Python: Fast way to remove horizontal black line in image

Question

I would like to remove horizontal black lines on an image:

To do this, I interpolate the RGB values ​​of each column of pixels.

The black line disappear but I think it is possible to optimize this function:

def fillMissingValue(img_in):
    img_out = np.copy(img_in)

    #Proceed column by column
    for i in tqdm(range(img_in.shape[1])):
        col = img_in[:,i]

        col_r = col[:,0]
        col_g = col[:,1]
        col_b = col[:,2]
        r = interpolate(col_r)
        g = interpolate(col_g)
        b = interpolate(col_b)
        img_out[:,i,0] = r
        img_out[:,i,1] = g
        img_out[:,i,2] = b

    return img_out

def interpolate(y):
    x = np.arange(len(y))
    idx = np.nonzero(y)
    interp = interp1d(x[idx],y[idx],fill_value="extrapolate" )

    return interp(x)

if __name__ == "__main__":
    img = cv2.imread("lena.png")
    img = cv2.cvtColor(img, cv2.COLOR_BGR2RGB)

    img = cv2.resize(img, (1024,1024))


    start = time.time()
    img2 = fillMissingValue(img)
    end = time.time()

    print("Process time: {}".format(np.round(end-start,3)))

Do you have any ideas ? I thought of doing a prepocessing step by identifying the position of the black lines. And thus only interpolated neighboring pixels. But I don't think it's faster

Current result:

Answer 1

interp1d is not very efficient.

As proposed by @ChristophRackwitz in the comments, you can detect the location of the lines and use the inpainting method provided by OpenCV:

img = cv2.imread('lena.jpg')

# Locate the relatively black lines
threshold = 25
lineIdx = np.where(np.mean(img, axis=(1,2)) < threshold)

# Perform inpainting on the located lines
mask = np.zeros(img.shape[:2], dtype=np.uint8)
mask[lineIdx] = 255

# Actual inpainting.
# Note: using 2 or 1 instead of 3 make the computation 
# respectively ~2 and ~4 time faster on my machine but 
# the result is not as beautiful with 3.
img2 = cv2.inpaint(img, mask, 3, cv2.INPAINT_NS)

The computational part takes 87 ms on my machine while your code takes 342 ms. Note that because of JPEG compression, the result is not so great.
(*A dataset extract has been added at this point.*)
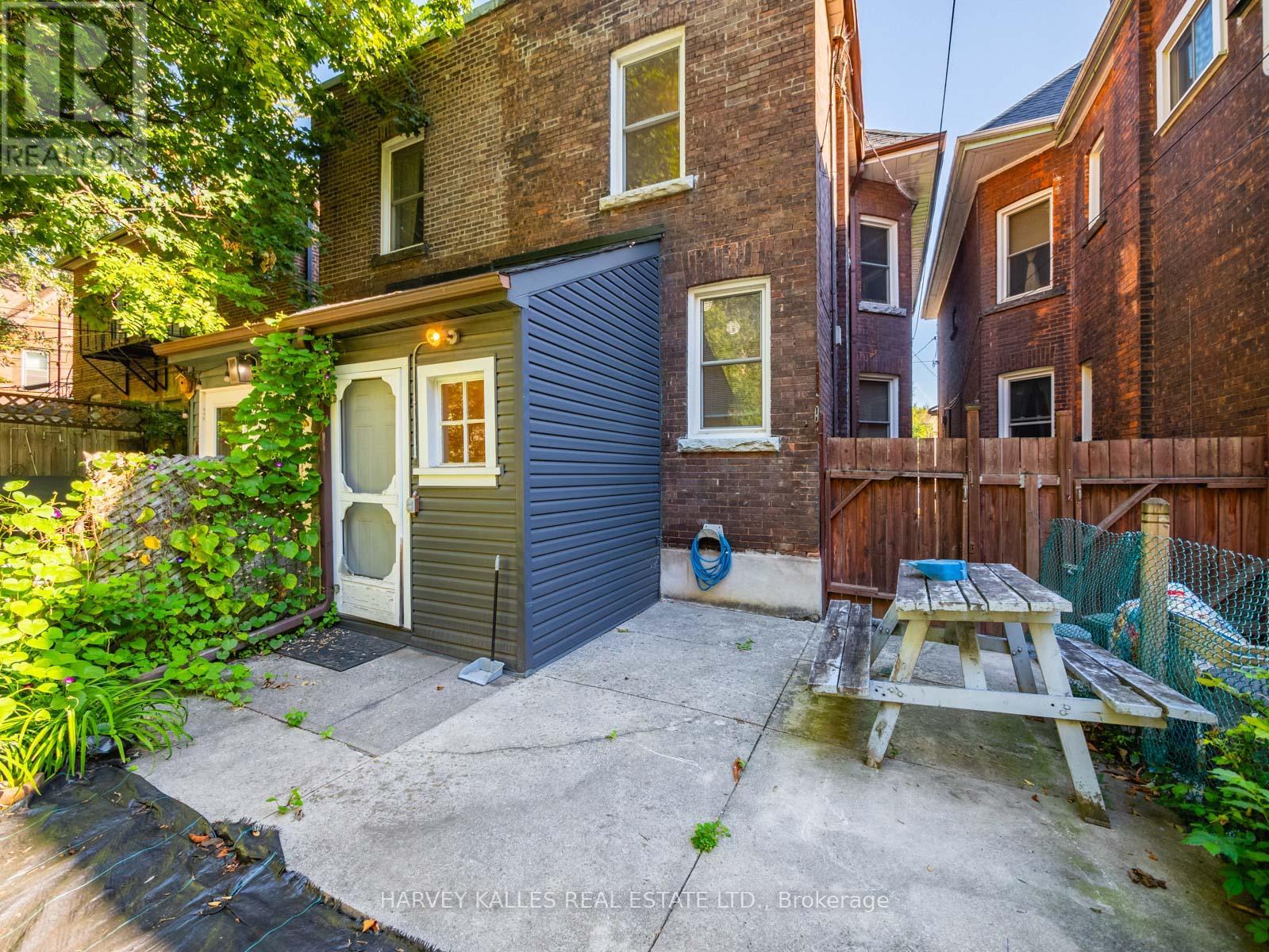 132 Close Avenue, Toronto, Ontario  M6K 2V5 - Photo 48 - W12524112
You can inpaint the neighbour lines (eg. lineIdx-1 and lineIdx+1) so to get a much better result at the expense of the slower computation (about 2.5 slower on my machine).

---

An alternative solution is to perform the interpolation yourself in Numpy:

%%time
# Locate the relatively black lines
threshold = 25
lineIdx = np.where(np.mean(img, axis=(1,2)) < threshold)[0]
lineIdxSet = set(lineIdx)

img2 = img.copy()
start, end = None, None
interpolate = False
for i in range(img.shape[0]+1):
    if i in lineIdxSet:
        if start is None:
            start = i
        end = i
    else:
        if not (start is None):
            assert not (end is None)
            # The first lines are black
            if start <= 0:
                i0, i1 = end+1, end+1
            # The last lines are black
            elif end >= img.shape[0]-1:
                i0, i1 = start-1, start-1
            # usual case
            else:
                i0, i1 = start-1, end+1
            # The full image is black
            if i0 < 0 or i1 >= img.shape[0]:
                continue
            end = min(end, img.shape[0]-1)
            # Actual linear interpolation (of a bloc of lines)
            coef = np.linspace(0, 1, end-start+3)[1:-1].reshape(-1, 1)
            l0 = img[i0].reshape(-1)
            l1 = img[i1].reshape(-1)
            img2[start:end+1] = (coef * l0 + (1.0-coef) * l1).reshape(-1, img.shape[1], 3)
        start, end = None, None

This code takes only 5 ms on my machine. The result should be similar to the one of your original code except that it works line-by-line and not column by column and that the detection is not independent for each colour channel. Note that the inpainting method give more beautiful results when large blocs of lines are black.